In the listing below, print exactly the lines between the line holding "AQSh elchisi Pamela" and the line holding "藏蓝色碎花吊带连衣裙女夏日2026深蓝藏青色长款修身感长裙子", inclusive, and no more.

*** Dataset entries

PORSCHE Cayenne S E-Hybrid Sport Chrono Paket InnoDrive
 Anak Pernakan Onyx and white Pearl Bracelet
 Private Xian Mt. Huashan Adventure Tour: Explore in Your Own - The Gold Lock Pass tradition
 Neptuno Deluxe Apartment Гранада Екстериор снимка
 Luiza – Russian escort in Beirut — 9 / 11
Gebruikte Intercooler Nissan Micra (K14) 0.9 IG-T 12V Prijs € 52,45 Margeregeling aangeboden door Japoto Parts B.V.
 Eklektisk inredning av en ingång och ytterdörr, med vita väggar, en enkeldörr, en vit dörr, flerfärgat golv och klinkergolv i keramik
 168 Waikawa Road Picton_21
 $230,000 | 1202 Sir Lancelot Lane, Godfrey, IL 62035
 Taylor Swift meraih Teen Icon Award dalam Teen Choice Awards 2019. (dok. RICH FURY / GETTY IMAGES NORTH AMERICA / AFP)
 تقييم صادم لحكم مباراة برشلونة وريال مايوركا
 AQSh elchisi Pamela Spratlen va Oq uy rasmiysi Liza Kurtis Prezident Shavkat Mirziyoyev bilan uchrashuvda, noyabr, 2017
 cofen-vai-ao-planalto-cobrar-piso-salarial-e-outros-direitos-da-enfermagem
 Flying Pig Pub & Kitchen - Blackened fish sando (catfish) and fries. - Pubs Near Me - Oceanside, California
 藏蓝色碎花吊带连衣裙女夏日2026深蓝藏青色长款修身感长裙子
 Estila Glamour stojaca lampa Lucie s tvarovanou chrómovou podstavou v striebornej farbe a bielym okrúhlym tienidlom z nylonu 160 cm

******

# Exercise solution
 AQSh elchisi Pamela Spratlen va Oq uy rasmiysi Liza Kurtis Prezident Shavkat Mirziyoyev bilan uchrashuvda, noyabr, 2017
 cofen-vai-ao-planalto-cobrar-piso-salarial-e-outros-direitos-da-enfermagem
 Flying Pig Pub & Kitchen - Blackened fish sando (catfish) and fries. - Pubs Near Me - Oceanside, California
 藏蓝色碎花吊带连衣裙女夏日2026深蓝藏青色长款修身感长裙子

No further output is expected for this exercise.